117. Kinderbrunnen.
Bei Wolfhagen liegt ein Flurbezirk, »zu Todenhausen« genannt, rund um eine schöne klare Quelle. Vor langer Zeit stand hier ein Dorf Todenhausen, das durch Feuer zerstört worden sein soll; als die Flammen auch den Kirchthurm ergriffen hatten, fiel die Glocke hinab in den Brunnen und versank. Seitdem heißt er »Glockenborn«. Das Merkwürdigste an diesem Brunnen ist aber, daß unter der Wolfhager Jugend das Märchen geht, die neugebornen Kinder stammten aus demselben und wer ein Brüderchen[74] oder Schwesterchen haben wolle, müsse zum Glockenborn gehen und sich eines bestellen.

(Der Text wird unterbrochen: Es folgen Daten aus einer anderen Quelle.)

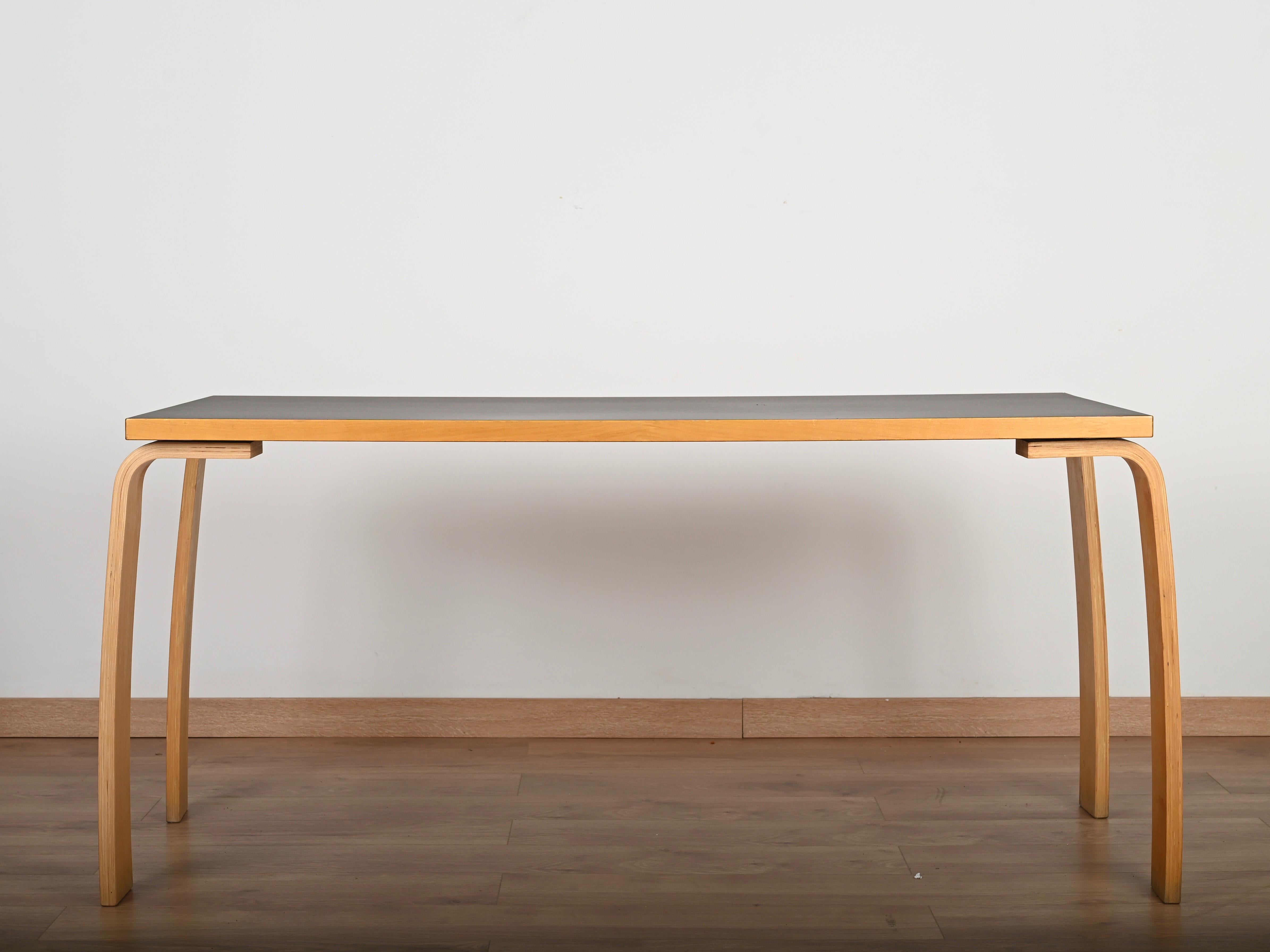 Midcentury Alvar Aalto Desk or Dining Table in Black Laminated and Beech, 1970s For Sale 6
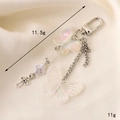 Iridescent butterfly keychain with silver cross and bow chain on champagne satin - Small Pendant / Colorful Butterfly Charm (K3087)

Daß die neugebornen Kinder aus einem Brunnen oder Teiche hervorgehen, hört man überall in Hessen. In Cassel wird der Druselteich genannt, in Waldau der Fackelteich, in Wolfsanger der Osterborn, am Weißner ist es der Frauhollenteich, in Marburg der durch die Legenden der heiligen Elisabeth bekannte Schröcker Brunnen, in Kirchhain der Klingelborn, in Fulda das Stättebrünnchen und der Bonifaciusbrunnen, in Ermschwerd der Assemannsborn, in Wettesingen der Neuborn, in Rhöda ein bei diesem Dorfe liegender Teich, in Grebenstein der Kressenborn, in Oberrieden der Schnellersborn, in Friemen der Buchborn, in Witzenhausen der Taubenborn, dessen Wasser nie gefriert und die Gelster offen hält, in Wolfershausen der Weiberborn, in Felsberg das Kinderbörnchen in der Katzbach, in Gudensberg der Buchborn, welcher diese Stadt mit Trinkwasser versorgt, in Ziegenhain das Bärbörnchen bei Treyßa, in Rodenberg der dortige Stahlbrunnen, der »kleine Born« genannt. In Ottrau heißt es, die Kinder kommen aus dem Milchborn, ohne daß ein bestimmter Brunnen hierunter gedacht ist; anderwärts, z.B. in Treis a.d. Lumbde, gilt immer der dem Hause zunächst liegende Brunnen für den Kinderbrunnen.
Mündlich.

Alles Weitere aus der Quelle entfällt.